In February, we touched on the fad of currency-hedged ETFs, and how currency-hedging your foreign equity exposure can actually hurt diversification in your portfolio.  This topic couldn’t be more relevant now given the turmoil in the markets caused by a surging yen, currently at 17 month highs, despite the Bank of Japan’s Herculean efforts to weaken the yen.  In fact, since adopting negative interest rates (known as “NIRP”), on January 29th of this year, the yen (as measured by its CurrencyShares equivalent, FXY) has surged almost 10%!

You can see from the chart below, courtesy of Google Finance, that since the announcement of negative interest rates, the yen has surged (blue line, FXY), while the currency-hedged Japanese equity ETF, HEWJ (red line), has dropped about 11%, while the garden-variety non-hedged Japanese equity ETF, EWJ, is down a modest 1.83%:

Naturally, since the yen had been in steady decline for much of the last few years (FXY dropped 34% from 2011-2014), many investors expected yen weakness to continue, and they spent much of 2015 pouring money into the currency-hedged ETF, HEWJ, which goes long Japanese equities while being more or less short the yen (flow data courtesy of ETF.com):

While it’s true that both iShares funds took in money last year, the inflows have to be put in perspective.  Morningstar reports that EWJ has about $16 billion in assets, so its asset base grew roughly 25%.  However, the hedged ETF, HEWJ, currently has net assets of about $546 million, so the fund, which began in January 2014, expanded its asset base at least a couple hundred times over.

Naturally, the “hot” money that bet on the “obvious” trade of a weaker yen was quick to leave the money once the yen’s ascent gained momentum after the announcement of negative interest rates failed to arrest the ascent of the yen:

Obviously, both funds have lost assets since the NIRP announcement on January 29th, but the hedged ETF has hemorrhaged a far greater percentage of its assets compared to the unhedged version.

The point I’m trying to make is that oftentimes in finance, the “obvious” or “sure-fire” trades rarely work out as they are supposed to work.  In fact, one of the most interesting developments since the financial crisis has been the tendency of markets to do exactly the opposite of what policymakers have intended.

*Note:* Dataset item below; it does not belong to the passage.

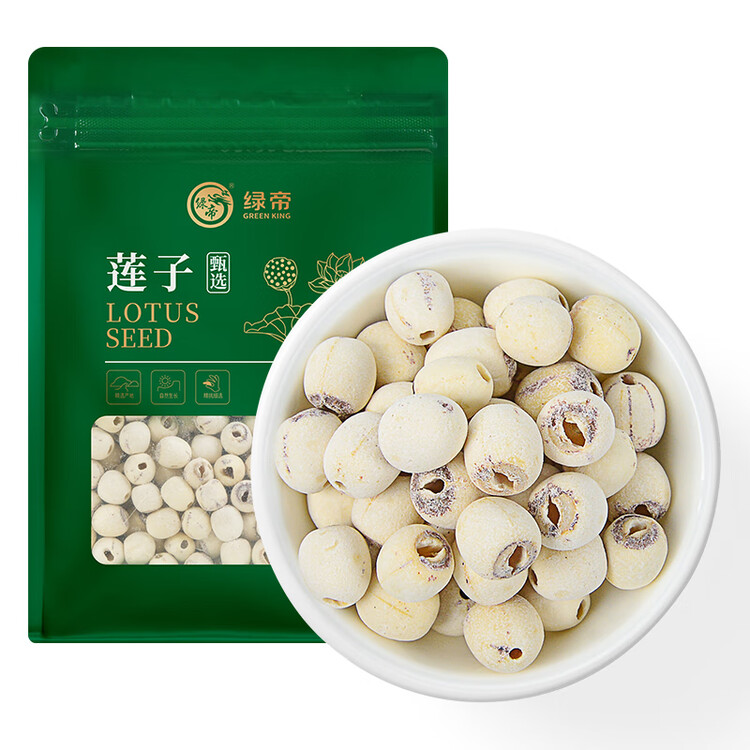 绿帝 磨皮莲子 山珍干货 去心无心 通心 白莲子500g 菜管家商品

There will always exist the temptation to overreact to policy announcements or external forces beyond our control, tempting us to change our allocations or alter our risk profiles.  After years of ZIRP, NIRP, QE, and all the rest,  it’s evident that even the Ph.D.s who run the central banks can’t figure out which way their currencies are going, let alone control their direction.  For that reason, it’s generally safer just to keep your global equity portfolio diversified and unhedged.

Disclosure:  Neither employees of Fortune Financial Advisors, LLC nor their portfolios maintain positions in any of the ETFs mentioned.